As any graduate of the Electoral College will tell you, the public cannot be trusted.
When the U.K. needed help naming a new $287 million polar research ship, the masses voted for "Boaty McBoatface."
Someone who wears a suit and a frown to work decided to override the public will and name it the "RRS Sir David Attenborough."
The Internet's hive mind then floated the idea that Attenborough, a famous naturalist, should formally change his name to Boaty McBoatface.
Nonsense is the coin of the online realm.
When a company called Pepsi, which I am told makes beverages akin to Coca-Cola, needed a catchy name for a new flavor of Mountain Dew, the public suggested "Hitler Did Nothing Wrong," "Diabeetus," "Moist Nugget" and other things they made me delete before this column hit the newspaper.
When VH1 asked the public to pick the location for a free Taylor Swift concert, they picked a school for the deaf .
Last week NASA, which is supposed to be full of smart people, asked the Internet to suggest names for seven new Earth-like planets orbiting a distant star called Trappist-1 .
The results were as predictable Planet McPlanetface.
That's not a great name, but I like it better than Trappist-1b, Trappist-1c, etc., which is the best NASA could come up with.
A friend suggested naming them after beers made by Trappist monks -- Enkel, Dubbel, Tripel -- and turning each of the planets into humongous breweries. Not bad, but I'd prefer any monk that makes beer remain on Earth.
What would Georgians call these planets?
Hard to say, but "Whooptater," "Dale Earnheart Sr.," "Dale Earnheart Jr.," "Ain't Skeered," "Rise Up!," "SunTrust Planet" and "Hammerin' Hank" have a ring to 'em.
Or, the smallest planet could be "Honey Boo Boo" and the largest one (which may or may not be shrinking) could be "Mama June."
The frosty outer planet whipping around that solar system's perimeter will be dubbed "Kasim" if blue lights are detected.
My first thought was to name the planets orbiting the red dwarf star after Snow White's seven dwarfs but no one would want to live on "Dopey" and, after a 39-light-year voyage, most everyone would be quarantined on "Grumpy" anyway.
Would Obamacare be repealed and replaced on "Doc?"
Would allergies be a problem on "Sneezy?"
We will never know.

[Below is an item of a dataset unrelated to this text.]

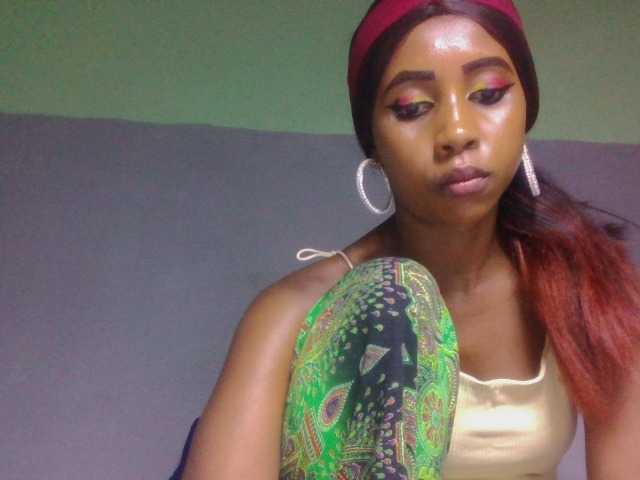 zelioness live cam on BongaCams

Thirty-nine light years is about 229 trillion miles, says Space.com . The fastest ship humans have ever made, NASA's Juno spacecraft, was cruising along at 165,000 mph as it approached Jupiter. If a spaceship could maintain that speed it would take 159,000 years to reach Trappist-1 and first-class would likely run out of adult beverages somewhere around Pluto.
No thanks. There's something about a breathable atmosphere that makes Earth feel like home.
But I do hope the new planets get cooler names. And the people living there don't mind us renaming them.